The SCAD Savannah Film Festival audience really enjoyed seeing Savannah used as stand-ins for Cannes in the film and also seeing themselves on screen (there would be random outbursts during the screening).
Taurus
There are two films I’ve seen at the festival that have the potential to become a cult classic. The first is Bones and All and the second is Taurus. Written and directed by Tim Sutton, Taurus follows Colson Baker’s Cole as he loses his lucky crystal to a sex worker and spirals. That is the basic premise, but Cole also trespasses into a crime scene, gets into a silent fight with an ex (played by his real-life girlfriend Megan Fox), and does drugs with Ruby Rose (who looks like she auditioned to play the new Pinhead in Hellraiser).
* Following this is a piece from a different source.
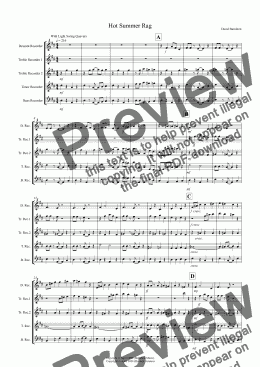 page one of Hot Summer Rag! for Recorder Quintet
This is a dark film, as the IMDB logline will tell you, but Baker plays Cole with some levity (I laughed each time someone asked him about a girl he didn’t know, and he repeatedly said, “Who?”). And surprisingly, it doesn’t feel forced. As Baker told me on the red carpet, some critics have said that it’s not much of a stretch for him to play this role, but maybe that’s okay. He’s comfortability is an asset, and look what stretching outside of your comfort zone can do for other musician-turned-actors.
The Whale
Darren Aronofsky has made some of the most memorable films of the last 20 years, including The Wrestler, Black Swan, and even the divisive Mother! There’s a comfort in watching an Aronofsky film because you know whatever he does, it’s going to be interesting, usually with an ending you won’t forget. The Whale is the first of his that doesn’t feel like an Aronofsky film. Maybe it’s because of the limitations of a one-room setting, maybe it’s working with someone in heavy prosthetics, but I kept wondering when it was going to feel like an Aronofsky film and it never does. That can be a good thing if the director does something different with risks that pay off, but other than depicting the ugliness of humans (and I mean that only in the emotional sense), I’m not sure what to take away from The Whale.
The Whale stars Brendan Fraser as Charlie, a morbidly obese man who teaches writing to students online but turns off his computer camera so he never reveals what he looks like. Ten years prior, he left his wife Mary (Samantha Morton) and daughter Ellie (Sadie Sink) for the love of his life, Alan. When Alan passes away, his depression manifests itself in compulsive overeating which puts a strain on his body and the need for a caregiver in the form of Alan’s sister, Liz (Hong Chao).
Charlie wants to have a relationship with Ellie, so he agrees to write her school essays for her (and pay her!) in order to spend time with her. Even though Charlie constantly reiterates that his daughter is a good person, Ellie is not just an angry teenager; she is a sociopath. There’s never anything in the screenplay or Sink’s performance to suggest Ellie has an emotional center, which makes for an unearned finale. Brendan Fraser has always been a great actor and it’s great that he’s getting accolades, but I wish that I learned more about his character instead of his pain. Watching him binge-eat and get berated by his daughter over the course of a week is heartbreaking and too much to bear. If ever a film should come with a trigger warning, it’s The Whale.